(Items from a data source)
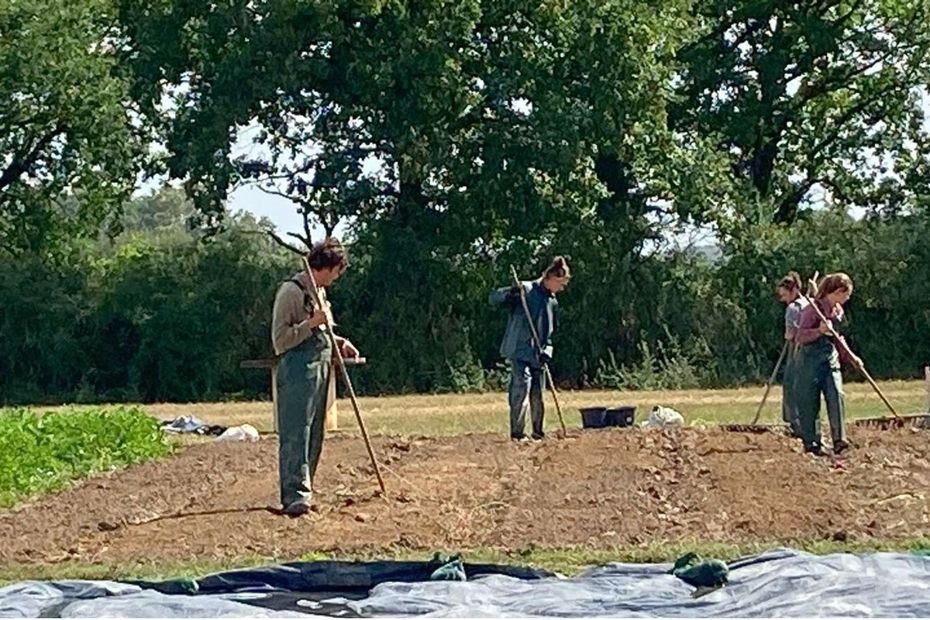 « J’avais envie de faire quelque chose qui avait vraiment du sens ». En Vendée, une ferme école forme une nouvelle génération de maraîchers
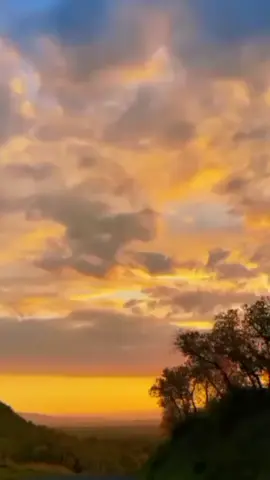 أه صبري ..صبري  🎶البلابل #السودان🇸🇩 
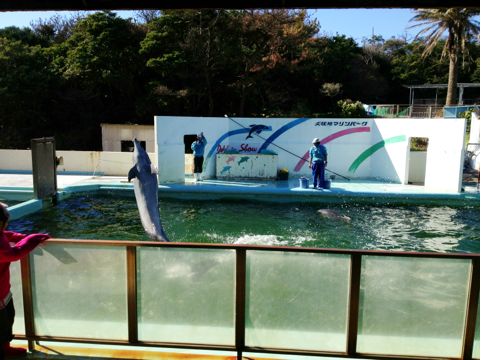 f:id:aiamdolly:20131223210808j:image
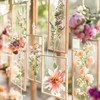 50代からの❥❥❥今日の出来事🌸                   どんな１日でしたか？ღ˘◡˘ற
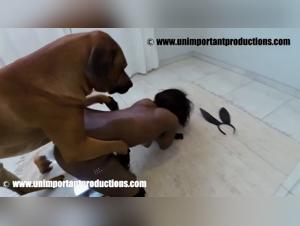 The Intern's Zoophilic Nightmare - XXX Animal Sex Video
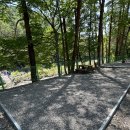 법수치오토캠핑장 | 강원도 양양 계곡 캠핑장 자연이 아름다운 법수치 오토캠핑 후기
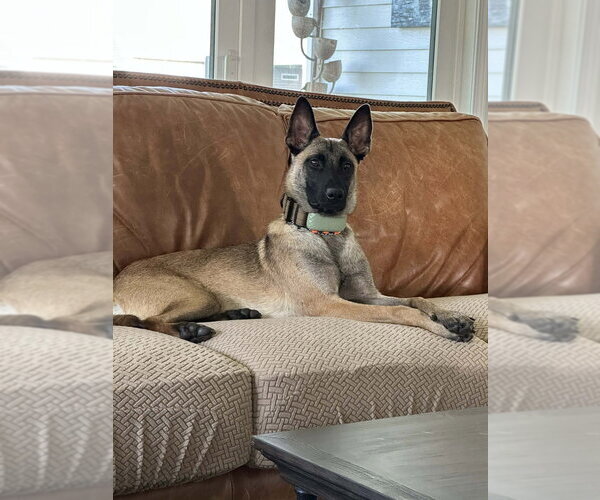 Medium Photo #2 Mutt Puppy For Sale in Imlay City, MI, USA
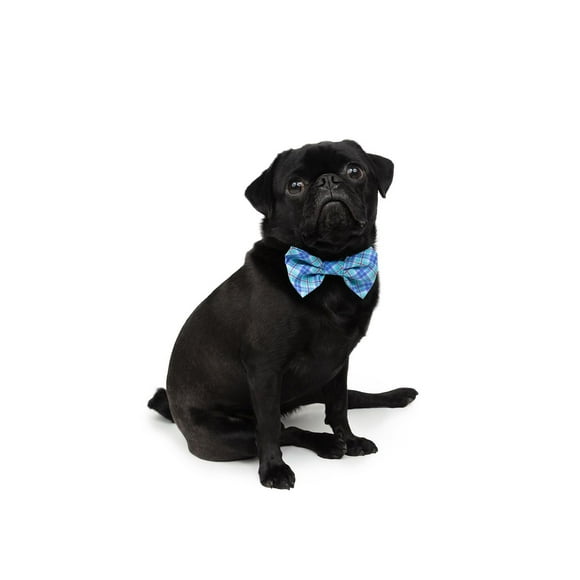 One Paw, Bowtie Slider for Dogs, Soft Fabric, Blue, One Paw, 1-Pack Bowtie Slider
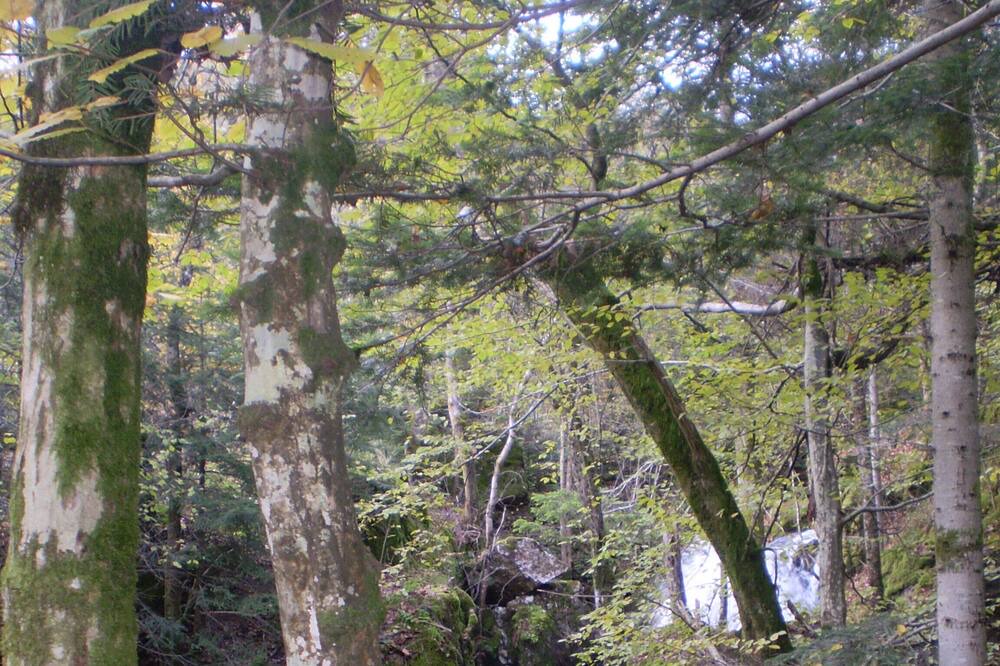 Photo of Outdoor in Sewen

• _Task directions_
Set down exactly, line for line, the data from the line that contains "The Intern's Zoophilic" through its last line, keeping pictures out.

• _Expected answer_
 The Intern's Zoophilic Nightmare - XXX Animal Sex Video
 법수치오토캠핑장 | 강원도 양양 계곡 캠핑장 자연이 아름다운 법수치 오토캠핑 후기
 Medium Photo #2 Mutt Puppy For Sale in Imlay City, MI, USA
 One Paw, Bowtie Slider for Dogs, Soft Fabric, Blue, One Paw, 1-Pack Bowtie Slider
 Photo of Outdoor in Sewen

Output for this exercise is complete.